# Red tegu breeders



## Joe white (Aug 10, 2014)

*I NEED HELP*
I've been looking into getting a red argentine tegu but can't find any breeders in the uk. If anyone knows of any or any breeders that send tegus to the uk it would be greatly appreciated.


----------



## Joe white (Aug 10, 2014)

If there aren't any is there any breeders of other tegu types in the uk. Btw I live in the ne of England . Newcastle


----------



## Josh (Aug 12, 2014)

I don't know of any specifically that are located in the UK. Have you tried asking the usual suspects in the US if they will ship?


----------



## Joe white (Aug 13, 2014)

Josh said:


> I don't know of any specifically that are located in the UK. Have you tried asking the usual suspects in the US if they will ship?


i have found ones that ship but tegus come under the CITES Act which meens lot of paperwork and alot of time and money


----------



## gavti (Aug 20, 2014)

Their is breeders in the uk but it's if they have had any joy breeding them....reds apparently used to be cheaper and easy to get and are now more expensive and harder to come by....

I'm also from newcastle so if u want a red I know team reptiles def had/has 2....that "arnt for sale" unless you have a handful of cash.....

Your next bet is to speak to Paul at seaham pets and gardens.

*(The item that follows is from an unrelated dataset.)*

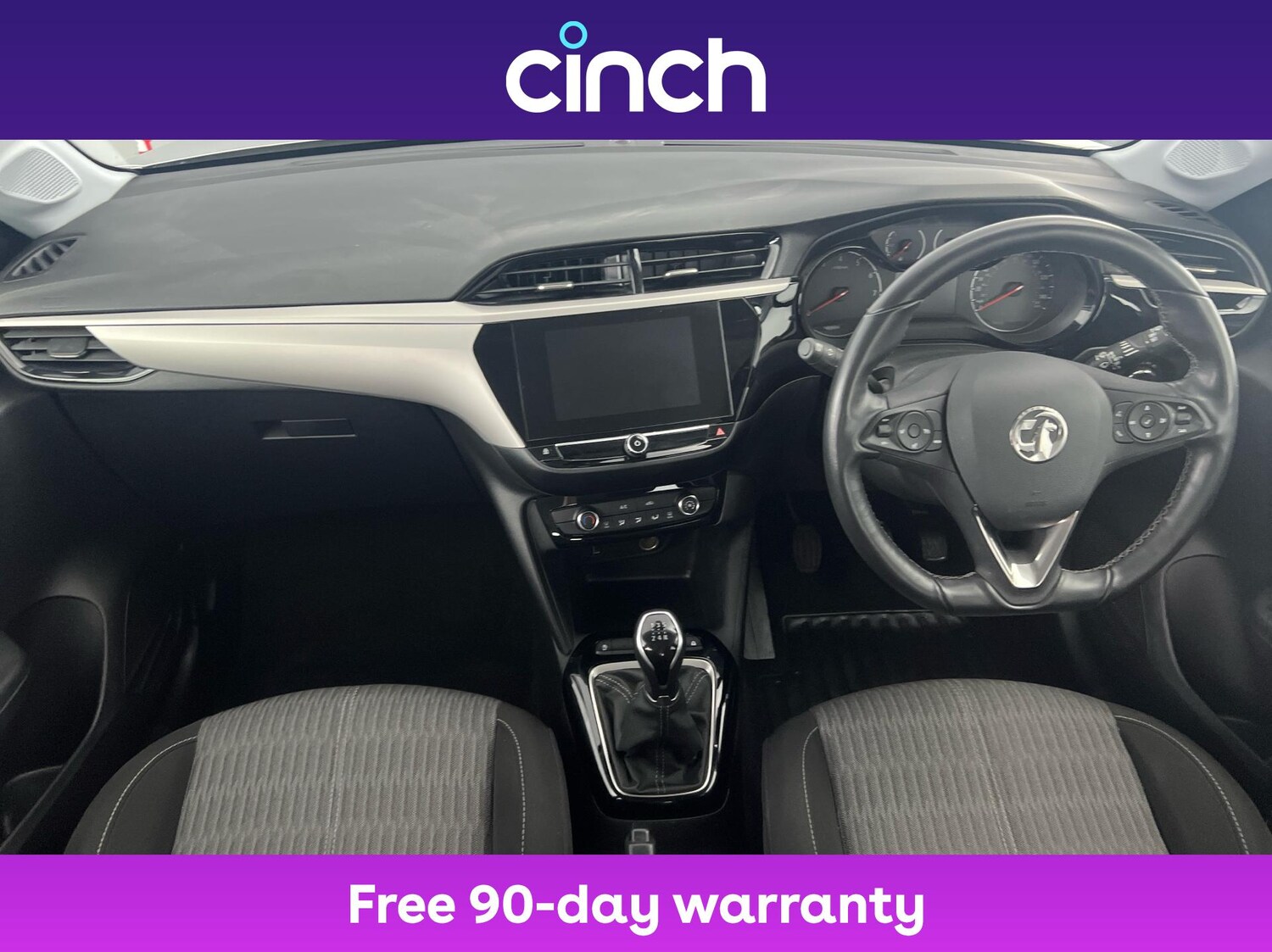 Used Vauxhall Corsa 2022 for sale - 76429433: Photo 15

Great bloke and will try his best to get you what you want.(also sweet collection of monitors and tegus)
And finally blaydon exotics....they seem to always have a turn around of tegus, again "not for sale" unless you have a handful of cash hence the 2 reds now at team reptiles, seen Colombian b n w.... Arg b n w and a gold sold from their...

Hope that helps......also know a German breeder of blues like mine but again with cities your looking at a fortune


----------



## Christian Broesbøl Heise (Sep 11, 2014)

i know of a guy named Bertie Manning Nichol who just had a succesful clutch of reds  Look him up on Facebook


----------



## laurarfl (Dec 27, 2014)

Renske and Jan at Quolibet have gorgeous tegus http://www.tegubreeder.com/about-us/#


----------